Share @ LinkedIn Facebook  cufflinsk, maps, plotly, pandas
Choropleth Maps & Scatter Maps using cufflinks

The cufflinks library provides a wrapper around pandas so that we can create an interactive plotly chart directly from it by calling iplot() or figure() method on the dataframe. The iplot() API is almost the same as that of plot() API which generates charts based on matplotlib. We have already covered a tutorial explaining how to generate various charts using cufflinks in a separate tutorial. We recommend that you go through that tutorial if you do not have a background on cufflinks.

As a part of this tutorial, we'll be using the same API to generate scatter maps and choropleth maps. We'll be generating scatter and choropleth maps using one line of code from the pandas dataframe.

We'll start by loading the necessary libraries.

In [1]:
import pandas as pd
import numpy as np

import cufflinks as cf

print("List of Cufflinks Themes : ", cf.getThemes())

cf.set_config_file(theme='ggplot',sharing='public',offline=True)
List of Cufflinks Themes :  ['ggplot', 'pearl', 'solar', 'space', 'white', 'polar', 'henanigans']

Load Datasets

We'll be using below mentioned 2 datasets for plotting various maps. Both datasets are easily available from kaggle. We suggest that you download both datasets to follow along with the tutorial.

  • World Happiness Report Dataset - It has information about attributes like happiness score, GDP per capita, social support, healthy life expectancy, generosity, corruption, and freedom to make life choices for each country of the world.

  • Starbucks Store Locations Dataset - It has information about Starbucks store locations worldwide.
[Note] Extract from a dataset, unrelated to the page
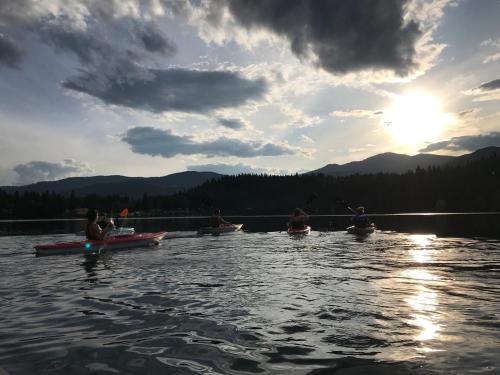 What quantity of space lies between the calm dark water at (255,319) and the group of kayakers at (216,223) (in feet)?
27.8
It has information about each store's name, address, city, state, country, latitude, and longitude.

We have loaded both datasets as pandas dataframe.

In [2]:
starbucks_stores = pd.read_csv("datasets/starbucks_store_locations.csv")

starbucks_stores.head()
Out[2]:
Brand Store Number Store Name Ownership Type Street Address City State/Province Country Postcode Phone Number Timezone Longitude Latitude
0 Starbucks 47370-257954 Meritxell, 96 Licensed Av. Meritxell, 96 Andorra la Vella 7 AD AD500 376818720 GMT+1:00 Europe/Andorra 1.53 42.51
1 Starbucks 22331-212325 Ajman Drive Thru Licensed 1 Street 69, Al Jarf Ajman AJ AE NaN NaN GMT+04:00 Asia/Dubai 55.47 25.42
2 Starbucks 47089-256771 Dana Mall Licensed Sheikh Khalifa Bin Zayed St. Ajman AJ AE NaN NaN GMT+04:00 Asia/Dubai 55.47 25.39
3 Starbucks 22126-218024 Twofour 54 Licensed Al Salam Street Abu Dhabi AZ AE NaN NaN GMT+04:00 Asia/Dubai 54.38 24.48
4 Starbucks 17127-178586 Al Ain Tower Licensed Khaldiya Area, Abu Dhabi Island Abu Dhabi AZ AE NaN NaN GMT+04:00 Asia/Dubai 54.54 24.51
In [3]:
world_happiness = pd.read_csv("datasets/world_happiness_2019.csv")
world_happiness.head()
Out[3]:
Overall rank Country or region Score GDP per capita Social support Healthy life expectancy Freedom to make life choices Generosity Perceptions of corruption
0 1 Finland 7.769 1.340 1.587 0.986 0.596 0.153 0.393
1 2 Denmark 7.600 1.383 1.573 0.996 0.592 0.252 0.410
2 3 Norway 7.554 1.488 1.582 1.028 0.603 0.271 0.341
3 4 Iceland 7.494 1.380 1.624 1.026 0.591 0.354 0.118
4 5 Netherlands 7.488 1.396 1.522 0.999 0.557 0.322 0.298

Scatter Maps

We can plot a scatter map from the pandas dataframe by calling the figure() method on it and passing the kind parameter value as scattergeo. We also need to pass latitude and longitude column names to lat and lon parameters of the figure() method. We have also passed the Store Name column to the text parameter so that when a mouse hovers over any point in the chart, the name of that store will be displayed in a tooltip.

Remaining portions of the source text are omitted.